What Are EBS Snapshots?
EBS snapshots are incremental copies of an Elastic Block Store (EBS) volume that are stored in Amazon S3. This means that when you create an EBS snapshot for the first time, a full backup is created, and only changed data is copied for the subsequent EBS snapshots. EBS volumes are virtual disks attached to EC2 instances.
Even though EBS snapshots are stored in Amazon S3, you cannot access the snapshots in S3 storage manually. You can manage these snapshots in the EC2 Management Console.
Note: The terms AWS EC2 snapshot and Amazon snapshot are sometimes also used to refer to EBS snapshots.
How EBS snapshots work
EBS snapshots are block-level backups of EC2 instance data that represent the EBS volume at the specific point in time when the snapshot command was issued.
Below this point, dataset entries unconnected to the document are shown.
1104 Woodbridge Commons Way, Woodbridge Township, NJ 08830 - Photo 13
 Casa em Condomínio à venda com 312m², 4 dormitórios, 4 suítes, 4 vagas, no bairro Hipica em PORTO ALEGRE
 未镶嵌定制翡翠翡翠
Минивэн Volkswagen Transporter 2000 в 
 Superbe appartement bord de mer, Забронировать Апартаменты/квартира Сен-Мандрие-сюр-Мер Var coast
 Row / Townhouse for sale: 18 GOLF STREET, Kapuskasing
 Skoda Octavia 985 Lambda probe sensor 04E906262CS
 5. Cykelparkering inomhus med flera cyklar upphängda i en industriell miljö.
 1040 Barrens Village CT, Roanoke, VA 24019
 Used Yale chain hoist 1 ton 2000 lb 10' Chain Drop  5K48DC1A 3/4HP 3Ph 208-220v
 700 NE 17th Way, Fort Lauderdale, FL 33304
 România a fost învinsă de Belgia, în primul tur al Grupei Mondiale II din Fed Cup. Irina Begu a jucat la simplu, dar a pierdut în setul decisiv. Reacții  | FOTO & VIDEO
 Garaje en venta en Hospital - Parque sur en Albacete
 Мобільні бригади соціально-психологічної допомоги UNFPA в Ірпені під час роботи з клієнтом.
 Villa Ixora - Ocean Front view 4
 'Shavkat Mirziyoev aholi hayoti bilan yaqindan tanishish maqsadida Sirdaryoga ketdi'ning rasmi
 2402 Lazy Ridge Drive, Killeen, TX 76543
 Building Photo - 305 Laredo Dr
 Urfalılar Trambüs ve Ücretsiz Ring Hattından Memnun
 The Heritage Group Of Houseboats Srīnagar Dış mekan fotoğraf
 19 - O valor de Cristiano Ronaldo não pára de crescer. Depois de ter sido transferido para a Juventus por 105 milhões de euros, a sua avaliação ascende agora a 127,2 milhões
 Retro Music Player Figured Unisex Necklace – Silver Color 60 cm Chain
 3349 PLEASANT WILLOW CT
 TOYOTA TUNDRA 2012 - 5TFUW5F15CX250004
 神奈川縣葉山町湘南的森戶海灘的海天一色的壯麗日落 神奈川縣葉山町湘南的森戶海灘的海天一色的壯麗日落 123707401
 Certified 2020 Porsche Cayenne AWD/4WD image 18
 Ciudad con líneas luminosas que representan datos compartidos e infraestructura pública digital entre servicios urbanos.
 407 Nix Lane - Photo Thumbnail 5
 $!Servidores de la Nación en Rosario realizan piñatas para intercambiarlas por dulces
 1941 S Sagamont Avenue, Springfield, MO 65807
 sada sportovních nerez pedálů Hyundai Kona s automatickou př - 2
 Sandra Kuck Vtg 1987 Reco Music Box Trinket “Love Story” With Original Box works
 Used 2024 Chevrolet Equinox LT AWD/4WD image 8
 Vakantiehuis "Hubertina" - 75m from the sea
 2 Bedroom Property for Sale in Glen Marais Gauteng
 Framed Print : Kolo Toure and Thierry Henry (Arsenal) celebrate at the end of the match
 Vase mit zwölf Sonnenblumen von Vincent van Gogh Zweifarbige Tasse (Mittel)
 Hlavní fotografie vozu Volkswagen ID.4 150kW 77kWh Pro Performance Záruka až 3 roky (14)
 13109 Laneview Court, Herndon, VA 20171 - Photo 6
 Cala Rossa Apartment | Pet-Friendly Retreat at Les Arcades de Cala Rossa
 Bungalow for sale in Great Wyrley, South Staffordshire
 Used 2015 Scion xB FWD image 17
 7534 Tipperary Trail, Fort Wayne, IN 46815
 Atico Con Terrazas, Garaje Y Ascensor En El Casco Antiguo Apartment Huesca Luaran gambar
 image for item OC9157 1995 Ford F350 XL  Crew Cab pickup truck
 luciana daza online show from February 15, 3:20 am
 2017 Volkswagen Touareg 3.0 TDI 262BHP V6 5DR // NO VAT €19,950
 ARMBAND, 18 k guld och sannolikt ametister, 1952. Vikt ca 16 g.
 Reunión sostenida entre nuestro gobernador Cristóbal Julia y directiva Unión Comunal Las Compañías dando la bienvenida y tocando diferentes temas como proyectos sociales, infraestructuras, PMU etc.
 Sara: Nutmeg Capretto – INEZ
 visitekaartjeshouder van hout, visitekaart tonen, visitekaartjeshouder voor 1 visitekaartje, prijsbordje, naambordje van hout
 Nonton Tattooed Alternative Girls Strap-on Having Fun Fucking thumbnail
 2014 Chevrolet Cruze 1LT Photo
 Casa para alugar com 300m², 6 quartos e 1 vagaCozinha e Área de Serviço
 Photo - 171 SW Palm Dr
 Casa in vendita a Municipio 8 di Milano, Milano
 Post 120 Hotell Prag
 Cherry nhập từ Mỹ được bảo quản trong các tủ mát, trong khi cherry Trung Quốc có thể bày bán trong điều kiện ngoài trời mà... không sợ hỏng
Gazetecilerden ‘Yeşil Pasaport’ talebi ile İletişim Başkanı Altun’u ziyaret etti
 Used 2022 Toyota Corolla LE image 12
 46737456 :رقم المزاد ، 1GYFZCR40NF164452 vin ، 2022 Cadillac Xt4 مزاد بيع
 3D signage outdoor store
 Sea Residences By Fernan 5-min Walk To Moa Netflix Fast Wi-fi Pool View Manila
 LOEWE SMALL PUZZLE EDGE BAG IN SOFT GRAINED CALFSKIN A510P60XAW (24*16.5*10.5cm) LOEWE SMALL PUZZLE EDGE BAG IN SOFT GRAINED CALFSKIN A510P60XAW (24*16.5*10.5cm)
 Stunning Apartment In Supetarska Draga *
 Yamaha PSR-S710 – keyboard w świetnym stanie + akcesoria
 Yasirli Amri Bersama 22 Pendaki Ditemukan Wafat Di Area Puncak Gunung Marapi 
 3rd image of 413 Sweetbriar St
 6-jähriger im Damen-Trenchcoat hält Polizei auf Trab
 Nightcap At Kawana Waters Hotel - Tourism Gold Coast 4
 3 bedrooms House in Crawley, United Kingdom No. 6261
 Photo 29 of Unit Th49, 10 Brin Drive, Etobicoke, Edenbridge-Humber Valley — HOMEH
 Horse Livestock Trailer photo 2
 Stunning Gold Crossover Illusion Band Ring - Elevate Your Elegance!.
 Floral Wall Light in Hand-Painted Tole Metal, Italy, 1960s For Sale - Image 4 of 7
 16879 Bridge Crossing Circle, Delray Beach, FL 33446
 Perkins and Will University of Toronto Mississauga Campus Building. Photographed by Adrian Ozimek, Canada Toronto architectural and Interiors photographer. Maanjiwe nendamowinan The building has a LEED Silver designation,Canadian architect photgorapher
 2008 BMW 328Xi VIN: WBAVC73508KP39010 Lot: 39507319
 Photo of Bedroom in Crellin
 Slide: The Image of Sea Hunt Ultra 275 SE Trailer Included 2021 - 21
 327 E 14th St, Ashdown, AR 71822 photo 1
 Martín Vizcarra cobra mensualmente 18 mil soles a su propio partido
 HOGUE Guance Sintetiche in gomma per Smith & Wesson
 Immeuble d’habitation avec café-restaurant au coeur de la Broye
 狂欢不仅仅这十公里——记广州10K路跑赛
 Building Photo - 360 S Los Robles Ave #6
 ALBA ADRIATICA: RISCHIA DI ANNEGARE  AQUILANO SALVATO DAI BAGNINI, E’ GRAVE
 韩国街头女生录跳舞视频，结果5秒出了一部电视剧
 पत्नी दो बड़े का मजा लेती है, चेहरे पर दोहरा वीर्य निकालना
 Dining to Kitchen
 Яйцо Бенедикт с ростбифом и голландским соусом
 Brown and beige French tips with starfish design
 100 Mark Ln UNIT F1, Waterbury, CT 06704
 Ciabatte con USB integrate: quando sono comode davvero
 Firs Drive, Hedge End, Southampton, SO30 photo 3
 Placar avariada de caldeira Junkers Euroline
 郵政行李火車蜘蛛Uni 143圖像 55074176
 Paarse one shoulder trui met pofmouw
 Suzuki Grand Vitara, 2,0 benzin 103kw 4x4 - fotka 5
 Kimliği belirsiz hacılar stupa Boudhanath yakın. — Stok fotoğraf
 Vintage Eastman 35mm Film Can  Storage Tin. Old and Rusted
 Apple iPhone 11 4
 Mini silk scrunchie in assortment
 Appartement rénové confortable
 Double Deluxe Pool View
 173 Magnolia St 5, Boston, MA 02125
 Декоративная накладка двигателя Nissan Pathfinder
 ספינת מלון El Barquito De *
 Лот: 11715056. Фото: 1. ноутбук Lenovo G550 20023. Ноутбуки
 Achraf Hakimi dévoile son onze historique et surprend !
This means that if the instance is running, the data blocks written to EBS volumes after the initiation of the snapshot-taking are not saved to the snapshot. As a result, EBS snapshots are crash-consistent and not application-consistent backups.
Note that EBS snapshots are not the same as snapshots in the context of VMware vSphere and Microsoft Hyper-V. Hyper-V and VMware snapshots are not backups and cannot replace proper backups.
However, there are limitations to EBS snapshots, which include lack of scheduling and retention options, no possibility to create on-premises copies, as well as the complexity of creating an application-consistent EC2 snapshot to simplify recovery.
How to Create Snapshot in AWS Console for EC2 Instances
AWS Management Console is the GUI web interface used to manage all AWS computing, storage, and other resources, including creating EBS snapshots.
To access the EC2 instance for which you want to create a snapshot:
- Sign in to AWS Management Console by using an account that has the required permissions for creating EC2 instances, EBS volumes, and EBS snapshots.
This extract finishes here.